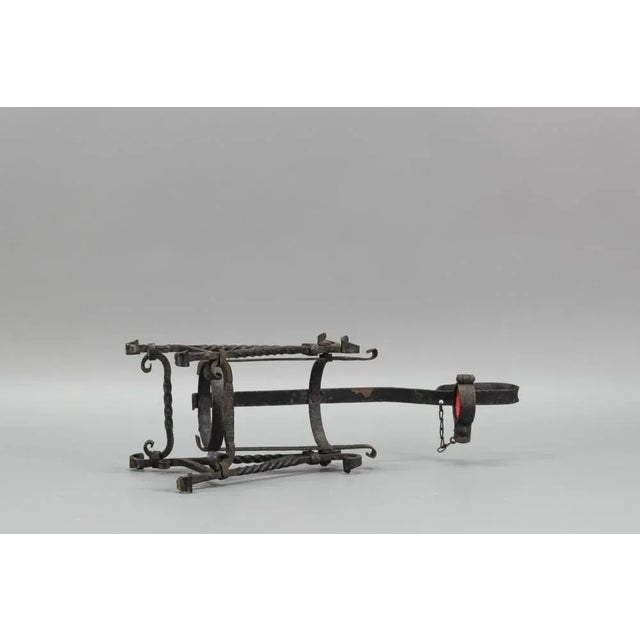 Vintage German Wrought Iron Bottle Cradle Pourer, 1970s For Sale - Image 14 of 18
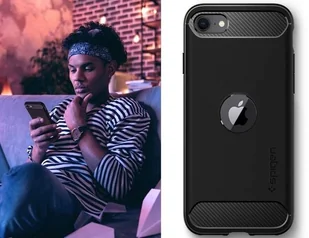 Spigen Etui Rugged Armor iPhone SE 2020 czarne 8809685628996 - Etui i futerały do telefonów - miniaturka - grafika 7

○ ○ ○ ○ ○ ○ ○

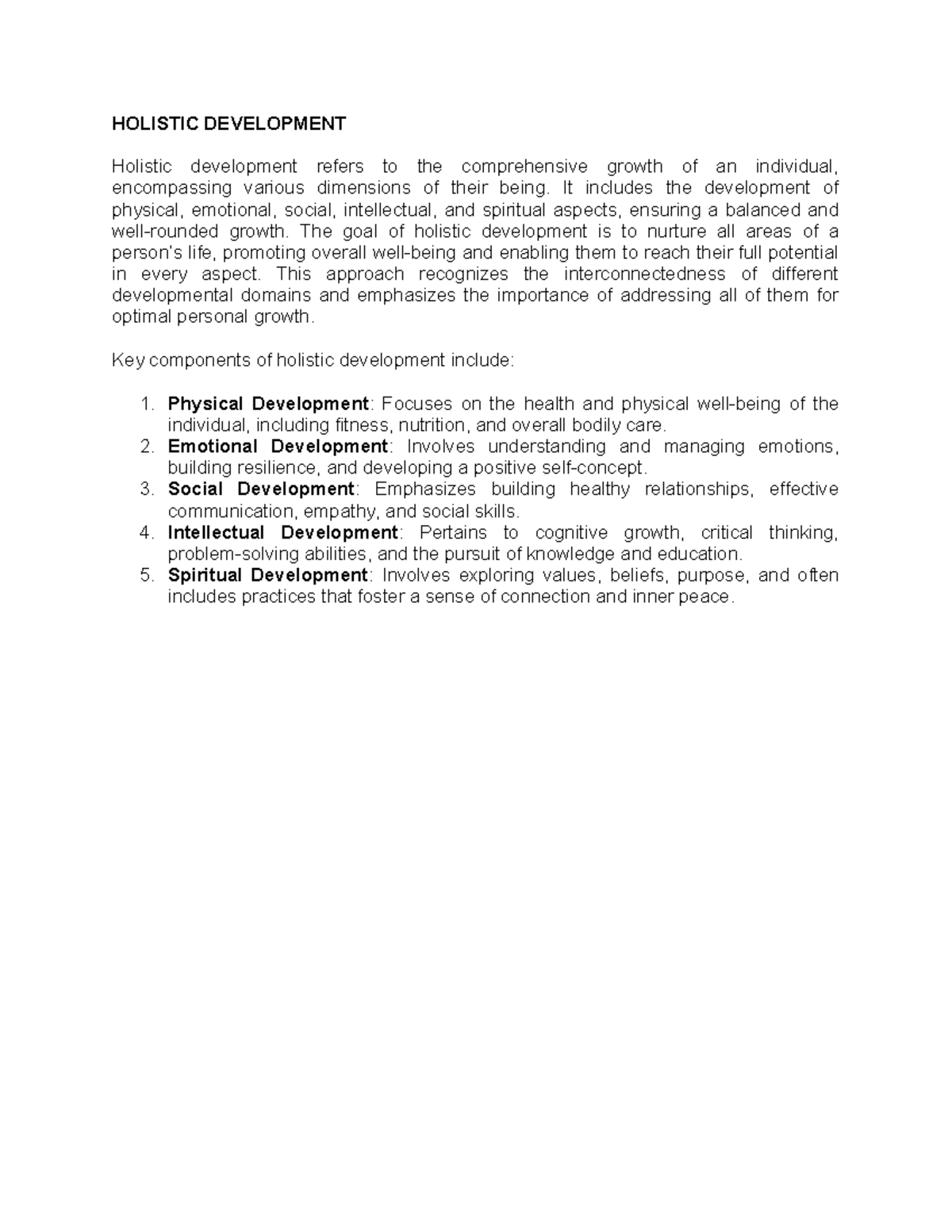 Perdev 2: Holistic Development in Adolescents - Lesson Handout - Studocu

○ ○ ○ ○ ○ ○ ○

> [Task brief] Using the records above, return verbatim only the part that opens with the line containing "Vintage German Wrought" and closes with the line containing "Spigen Etui Rugged"; pictures stay out.

> [Solved problem]
 Vintage German Wrought Iron Bottle Cradle Pourer, 1970s For Sale - Image 14 of 18
 Spigen Etui Rugged Armor iPhone SE 2020 czarne 8809685628996 - Etui i futerały do telefonów - miniaturka - grafika 7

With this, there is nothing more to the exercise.